Background and aims: Angioectasias (AVMs) are the most common vascular anomaly of the gastrointestinal (GI) tract, and these lesions are often associated with obscure gastrointestinal bleeding (OGIB). It is unknown if the presence of upper and/or lower gastrointestinal AVMs are predictive of small bowel AVMs. The aims of this study are to define the small bowel segmental distribution of AVMs and to identify the factors predicting the presence of small bowel AVMs among a cohort of patients with a known history of AVMs in the upper and/or lower GI tracts who are undergoing capsule endoscopy (CE) for OGIB.

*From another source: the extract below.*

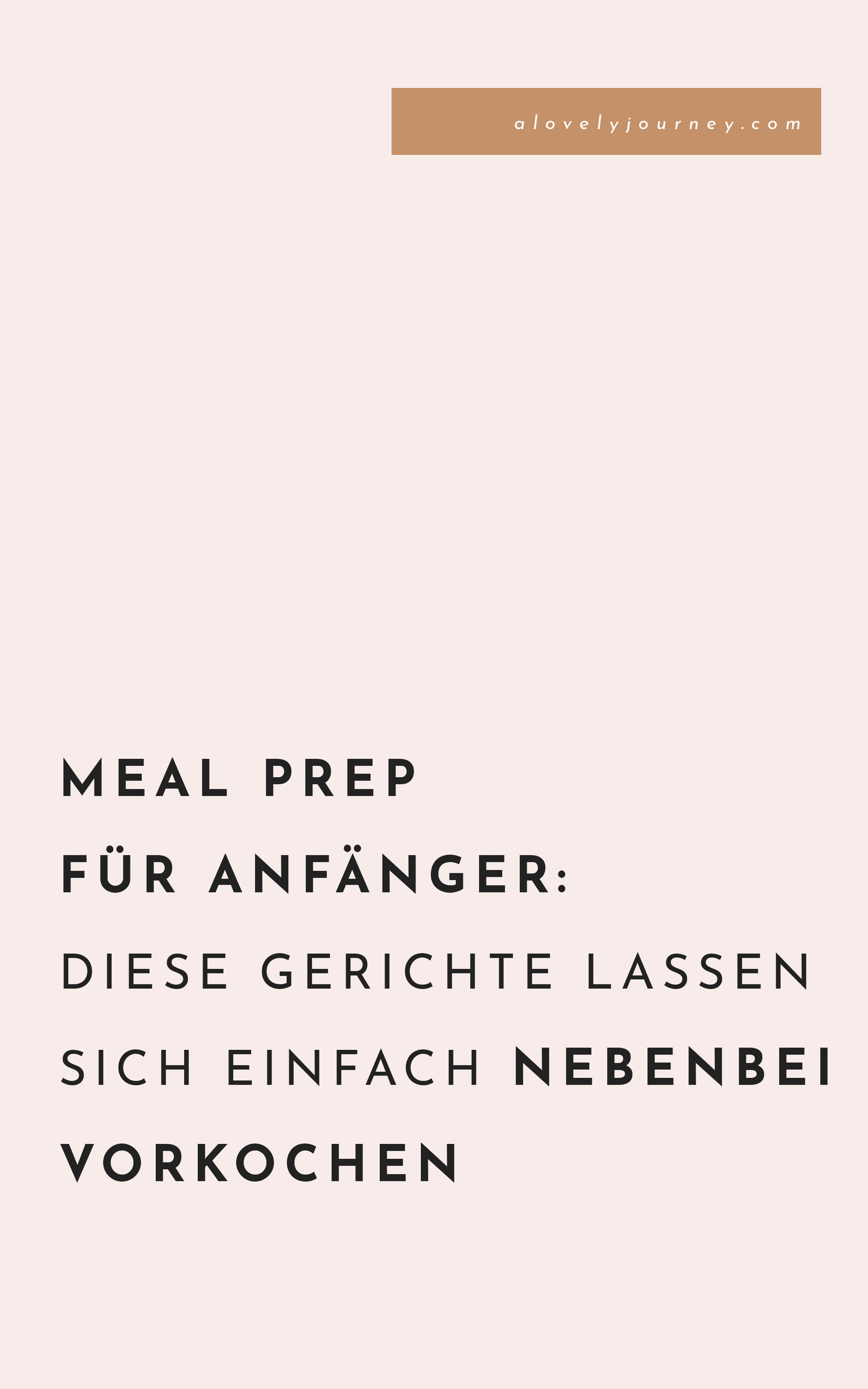 Meal Prep für Anfänger: diese Gerichte lassen sich einfach nebenbei vorkochen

Methods: We performed a retrospective cohort analysis of 1,125 patients undergoing CE at our institution between 11/1/2001 and 8/31/2007. Inclusion criteria were: (1) complete esophagoduodenoscopy (EGD), CE, and colonoscopy, (2) OGIB indication for CE, and (3) history of ≥ 1 AVM on EGD and/or colonoscopy that was previously treated in the past or deemed not to be a clinically significant source of bleeding. Exclusion criteria were: (1) history of radiation therapy to the GI tract, and (2) presence of a congenital or systemic disease associated with GI AVMs. Data were extracted on: (1) age; (2) gender; (3) presence of diabetes, (4) presence of hypertension, (5) presence of aortic stenosis, (6) history of non-steroidal anti-inflammatory therapy, (7) history of anticoagulant therapy, (8) hemoglobin, platelet, and INR values prior to CE; (9) baseline serum creatinine; and (10) presence and GI tract segmental location of AVMs. Multivariate logistic regression was used to identify independent predictors of small bowel AVMs.

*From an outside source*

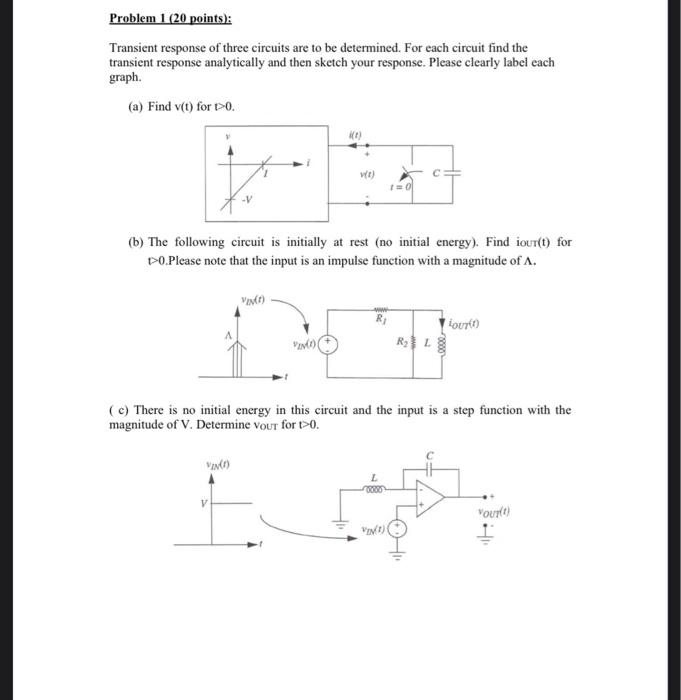 Solved Problem 1 (20 Points): Transient Response Of Three | Chegg.com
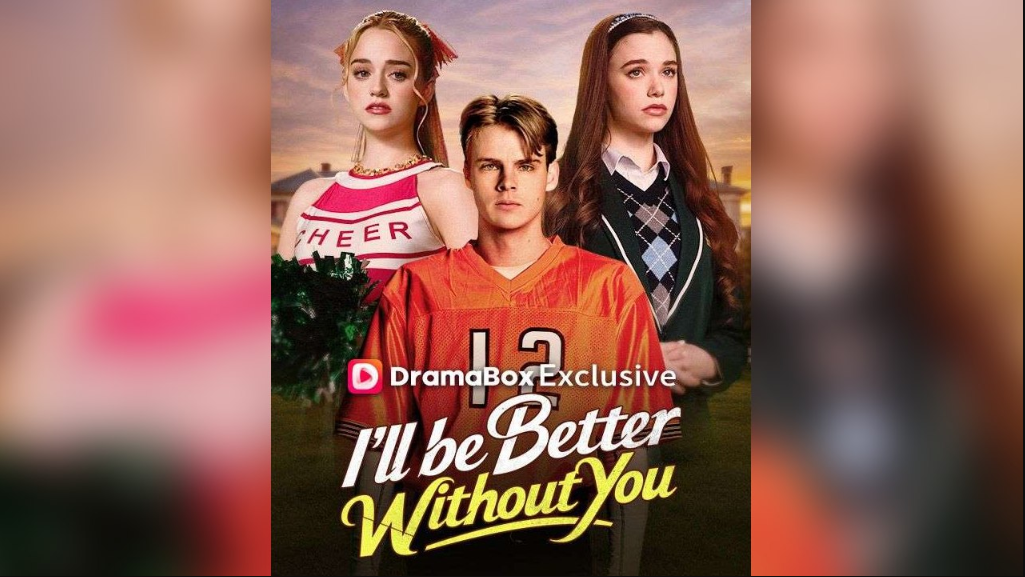 ⁣I'll Be Better Without You - Full Movie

Results: 1,125 patients underwent EGD, CE, and colonoscopy. One hundred and fourteen patients had a history of ≥ 1 AVM on EGD and/or colonoscopy and met inclusion and exclusion criteria. The mean age was 69 years, and 63% of patients were women. 37% of patients were found to have ≥ 1 jejunal AVM and 15% were found to have ≥ 1 ileal AVM. In multivariate analysis, age ≥ 65 (OR 2.62, P = 0.05) and the presence of AVMs on EGD (OR 4.61, P = 0.02) were predictive of jejunal AVMs. AVMs on colonoscopy alone were not predictive of jejunal or ileal AVMs. No factors were found to predict the presence of ileal AVMs.
Conclusions: Patients with AVMs on EGD have an increased risk of jejunal AVMs on CE, particularly if they are elderly. Future studies should validate these findings in a prospective cohort.